**Supplied information**
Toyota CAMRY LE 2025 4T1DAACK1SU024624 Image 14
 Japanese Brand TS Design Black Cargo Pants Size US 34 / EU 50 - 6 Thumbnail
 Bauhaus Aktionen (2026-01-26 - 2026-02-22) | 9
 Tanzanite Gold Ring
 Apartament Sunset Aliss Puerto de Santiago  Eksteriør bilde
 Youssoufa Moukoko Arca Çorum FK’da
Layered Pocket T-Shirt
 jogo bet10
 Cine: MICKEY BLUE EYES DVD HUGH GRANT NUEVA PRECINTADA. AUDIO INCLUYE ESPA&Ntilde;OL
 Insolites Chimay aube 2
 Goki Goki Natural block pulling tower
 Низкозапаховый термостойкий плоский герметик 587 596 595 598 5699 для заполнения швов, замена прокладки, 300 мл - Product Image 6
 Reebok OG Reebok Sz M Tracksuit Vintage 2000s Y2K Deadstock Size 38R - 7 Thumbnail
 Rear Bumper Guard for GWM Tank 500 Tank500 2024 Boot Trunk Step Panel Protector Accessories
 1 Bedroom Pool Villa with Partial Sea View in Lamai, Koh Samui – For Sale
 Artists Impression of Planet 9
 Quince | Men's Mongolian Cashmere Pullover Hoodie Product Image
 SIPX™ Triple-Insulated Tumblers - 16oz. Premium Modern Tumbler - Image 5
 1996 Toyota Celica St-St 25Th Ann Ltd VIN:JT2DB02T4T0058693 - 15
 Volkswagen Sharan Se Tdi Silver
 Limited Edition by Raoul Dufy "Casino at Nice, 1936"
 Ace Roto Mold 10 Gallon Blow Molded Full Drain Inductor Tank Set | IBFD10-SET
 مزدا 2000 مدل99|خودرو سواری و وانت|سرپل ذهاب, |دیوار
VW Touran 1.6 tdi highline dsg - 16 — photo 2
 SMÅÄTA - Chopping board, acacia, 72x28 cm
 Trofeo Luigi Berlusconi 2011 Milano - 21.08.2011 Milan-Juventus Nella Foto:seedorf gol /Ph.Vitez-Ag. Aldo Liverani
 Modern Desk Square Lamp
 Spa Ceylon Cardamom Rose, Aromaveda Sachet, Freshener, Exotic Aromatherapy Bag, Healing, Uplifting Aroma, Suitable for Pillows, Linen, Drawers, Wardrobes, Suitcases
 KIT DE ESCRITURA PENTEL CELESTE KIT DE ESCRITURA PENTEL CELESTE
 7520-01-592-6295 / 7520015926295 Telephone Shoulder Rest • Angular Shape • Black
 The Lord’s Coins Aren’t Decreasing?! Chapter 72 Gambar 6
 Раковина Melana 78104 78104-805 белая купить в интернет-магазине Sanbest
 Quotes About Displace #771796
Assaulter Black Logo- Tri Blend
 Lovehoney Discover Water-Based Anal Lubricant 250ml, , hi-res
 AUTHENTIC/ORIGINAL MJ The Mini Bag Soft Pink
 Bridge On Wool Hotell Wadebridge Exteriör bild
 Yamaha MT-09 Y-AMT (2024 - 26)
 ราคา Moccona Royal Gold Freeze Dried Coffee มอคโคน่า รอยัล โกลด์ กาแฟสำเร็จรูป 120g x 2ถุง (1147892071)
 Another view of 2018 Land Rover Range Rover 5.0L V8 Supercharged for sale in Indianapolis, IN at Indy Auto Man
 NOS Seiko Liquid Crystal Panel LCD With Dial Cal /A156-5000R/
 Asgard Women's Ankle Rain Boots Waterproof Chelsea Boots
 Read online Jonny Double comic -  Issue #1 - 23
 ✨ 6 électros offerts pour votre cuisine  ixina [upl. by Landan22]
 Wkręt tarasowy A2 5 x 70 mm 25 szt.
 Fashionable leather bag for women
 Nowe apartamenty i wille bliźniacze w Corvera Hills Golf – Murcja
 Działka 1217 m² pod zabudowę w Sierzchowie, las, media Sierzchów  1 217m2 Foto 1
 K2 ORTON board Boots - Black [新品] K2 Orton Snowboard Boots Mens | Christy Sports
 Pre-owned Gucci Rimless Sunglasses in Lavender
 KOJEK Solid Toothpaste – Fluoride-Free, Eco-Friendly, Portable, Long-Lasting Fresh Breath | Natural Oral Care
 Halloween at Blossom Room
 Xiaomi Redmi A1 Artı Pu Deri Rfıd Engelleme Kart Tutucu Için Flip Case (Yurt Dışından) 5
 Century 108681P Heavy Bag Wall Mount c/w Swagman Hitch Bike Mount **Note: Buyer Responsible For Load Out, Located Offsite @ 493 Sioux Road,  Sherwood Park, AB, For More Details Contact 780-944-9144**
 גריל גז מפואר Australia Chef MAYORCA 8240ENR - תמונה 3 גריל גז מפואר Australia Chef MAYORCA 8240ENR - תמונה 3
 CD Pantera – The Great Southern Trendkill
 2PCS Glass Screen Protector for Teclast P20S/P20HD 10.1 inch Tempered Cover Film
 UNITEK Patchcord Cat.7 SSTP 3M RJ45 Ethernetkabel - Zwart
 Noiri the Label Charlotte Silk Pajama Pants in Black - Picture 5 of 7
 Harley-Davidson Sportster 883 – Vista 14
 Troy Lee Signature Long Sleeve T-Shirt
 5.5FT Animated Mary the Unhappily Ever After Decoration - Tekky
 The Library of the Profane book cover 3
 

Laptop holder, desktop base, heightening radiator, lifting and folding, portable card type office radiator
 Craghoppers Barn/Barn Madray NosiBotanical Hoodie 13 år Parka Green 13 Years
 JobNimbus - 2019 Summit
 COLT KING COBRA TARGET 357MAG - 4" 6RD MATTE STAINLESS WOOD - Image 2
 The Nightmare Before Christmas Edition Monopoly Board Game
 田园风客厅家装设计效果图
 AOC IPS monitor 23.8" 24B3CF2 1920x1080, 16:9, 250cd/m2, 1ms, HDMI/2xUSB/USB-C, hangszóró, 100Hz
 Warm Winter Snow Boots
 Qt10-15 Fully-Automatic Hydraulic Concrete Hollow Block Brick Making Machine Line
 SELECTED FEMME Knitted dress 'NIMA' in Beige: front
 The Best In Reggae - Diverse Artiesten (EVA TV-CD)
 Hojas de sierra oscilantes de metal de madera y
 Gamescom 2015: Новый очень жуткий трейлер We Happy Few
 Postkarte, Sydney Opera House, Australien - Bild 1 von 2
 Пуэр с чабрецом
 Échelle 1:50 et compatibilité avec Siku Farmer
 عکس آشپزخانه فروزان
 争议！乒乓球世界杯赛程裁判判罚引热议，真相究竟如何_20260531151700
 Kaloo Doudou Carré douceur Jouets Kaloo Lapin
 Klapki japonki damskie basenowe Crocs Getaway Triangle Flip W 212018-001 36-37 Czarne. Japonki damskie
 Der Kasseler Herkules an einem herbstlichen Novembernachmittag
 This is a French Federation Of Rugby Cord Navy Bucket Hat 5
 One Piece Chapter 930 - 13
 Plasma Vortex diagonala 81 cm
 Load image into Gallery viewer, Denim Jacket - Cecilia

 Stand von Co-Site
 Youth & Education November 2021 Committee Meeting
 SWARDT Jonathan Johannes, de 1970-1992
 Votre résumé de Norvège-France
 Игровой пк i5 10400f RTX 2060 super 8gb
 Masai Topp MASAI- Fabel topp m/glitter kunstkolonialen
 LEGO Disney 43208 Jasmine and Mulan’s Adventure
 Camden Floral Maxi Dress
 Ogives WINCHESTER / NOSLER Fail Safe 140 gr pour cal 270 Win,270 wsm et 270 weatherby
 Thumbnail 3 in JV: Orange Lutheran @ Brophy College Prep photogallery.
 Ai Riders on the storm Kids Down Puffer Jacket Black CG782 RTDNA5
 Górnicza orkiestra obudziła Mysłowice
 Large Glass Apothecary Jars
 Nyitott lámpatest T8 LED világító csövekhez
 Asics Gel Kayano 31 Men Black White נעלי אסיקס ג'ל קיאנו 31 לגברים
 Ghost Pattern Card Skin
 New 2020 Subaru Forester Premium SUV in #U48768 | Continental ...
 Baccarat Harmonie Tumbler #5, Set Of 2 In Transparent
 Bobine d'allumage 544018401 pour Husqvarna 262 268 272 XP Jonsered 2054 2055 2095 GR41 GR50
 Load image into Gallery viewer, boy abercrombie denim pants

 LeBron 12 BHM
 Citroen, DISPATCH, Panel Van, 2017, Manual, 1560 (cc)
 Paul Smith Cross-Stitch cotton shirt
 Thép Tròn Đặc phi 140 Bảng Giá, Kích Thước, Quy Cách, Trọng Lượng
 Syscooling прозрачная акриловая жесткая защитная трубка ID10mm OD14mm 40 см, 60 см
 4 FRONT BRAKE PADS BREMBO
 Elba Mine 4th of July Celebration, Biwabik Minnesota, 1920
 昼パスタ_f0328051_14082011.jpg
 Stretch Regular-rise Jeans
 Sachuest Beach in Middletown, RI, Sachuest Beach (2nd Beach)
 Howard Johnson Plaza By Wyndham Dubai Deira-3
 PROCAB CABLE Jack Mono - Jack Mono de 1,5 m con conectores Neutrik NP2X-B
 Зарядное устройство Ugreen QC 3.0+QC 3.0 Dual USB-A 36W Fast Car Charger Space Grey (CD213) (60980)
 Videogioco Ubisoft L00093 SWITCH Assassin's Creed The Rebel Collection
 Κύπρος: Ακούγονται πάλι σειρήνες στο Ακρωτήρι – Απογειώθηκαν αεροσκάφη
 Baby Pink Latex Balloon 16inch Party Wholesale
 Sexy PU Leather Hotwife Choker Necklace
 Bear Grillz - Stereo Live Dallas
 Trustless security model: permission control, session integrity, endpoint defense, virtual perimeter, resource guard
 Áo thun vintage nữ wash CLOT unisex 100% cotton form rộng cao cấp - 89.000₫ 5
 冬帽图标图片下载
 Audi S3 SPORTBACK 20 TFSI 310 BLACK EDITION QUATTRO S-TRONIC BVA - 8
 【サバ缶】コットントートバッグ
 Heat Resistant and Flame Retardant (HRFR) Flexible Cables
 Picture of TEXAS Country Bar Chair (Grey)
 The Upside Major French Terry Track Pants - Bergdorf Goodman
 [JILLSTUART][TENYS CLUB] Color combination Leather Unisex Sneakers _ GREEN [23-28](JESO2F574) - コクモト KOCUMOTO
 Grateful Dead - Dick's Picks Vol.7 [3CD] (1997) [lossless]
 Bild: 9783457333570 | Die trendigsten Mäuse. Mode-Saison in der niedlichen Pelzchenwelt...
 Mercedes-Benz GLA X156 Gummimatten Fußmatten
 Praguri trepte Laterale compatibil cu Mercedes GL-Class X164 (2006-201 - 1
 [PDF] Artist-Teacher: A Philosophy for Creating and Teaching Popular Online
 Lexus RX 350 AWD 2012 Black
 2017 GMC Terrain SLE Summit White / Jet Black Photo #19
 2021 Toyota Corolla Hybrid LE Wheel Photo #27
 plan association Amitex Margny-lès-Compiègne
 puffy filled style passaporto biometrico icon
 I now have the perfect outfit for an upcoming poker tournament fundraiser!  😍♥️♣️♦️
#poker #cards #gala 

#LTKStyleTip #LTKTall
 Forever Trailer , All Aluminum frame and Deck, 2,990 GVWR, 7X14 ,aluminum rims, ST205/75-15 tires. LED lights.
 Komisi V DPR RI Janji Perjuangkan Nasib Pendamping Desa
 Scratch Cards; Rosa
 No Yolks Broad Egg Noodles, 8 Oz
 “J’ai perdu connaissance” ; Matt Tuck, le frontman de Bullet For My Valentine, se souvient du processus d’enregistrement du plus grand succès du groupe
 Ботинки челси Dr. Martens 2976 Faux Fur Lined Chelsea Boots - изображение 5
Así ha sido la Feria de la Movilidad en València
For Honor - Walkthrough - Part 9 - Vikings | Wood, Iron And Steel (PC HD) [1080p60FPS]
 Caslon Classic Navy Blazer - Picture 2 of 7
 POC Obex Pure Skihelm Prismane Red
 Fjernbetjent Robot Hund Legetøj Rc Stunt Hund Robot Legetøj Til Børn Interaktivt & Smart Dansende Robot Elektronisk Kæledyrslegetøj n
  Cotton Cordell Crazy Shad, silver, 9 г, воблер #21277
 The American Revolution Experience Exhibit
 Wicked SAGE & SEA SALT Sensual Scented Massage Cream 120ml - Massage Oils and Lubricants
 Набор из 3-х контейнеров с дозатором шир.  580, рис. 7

**Directions**
Give back precisely the lines above that start at the line containing "Así ha sido" and end at the line containing "The American Revolution Experience Exhibit", inclusive. No other lines belong in the output.

**Task result**
Así ha sido la Feria de la Movilidad en València
For Honor - Walkthrough - Part 9 - Vikings | Wood, Iron And Steel (PC HD) [1080p60FPS]
 Caslon Classic Navy Blazer - Picture 2 of 7
 POC Obex Pure Skihelm Prismane Red
 Fjernbetjent Robot Hund Legetøj Rc Stunt Hund Robot Legetøj Til Børn Interaktivt & Smart Dansende Robot Elektronisk Kæledyrslegetøj n
  Cotton Cordell Crazy Shad, silver, 9 г, воблер #21277
 The American Revolution Experience Exhibit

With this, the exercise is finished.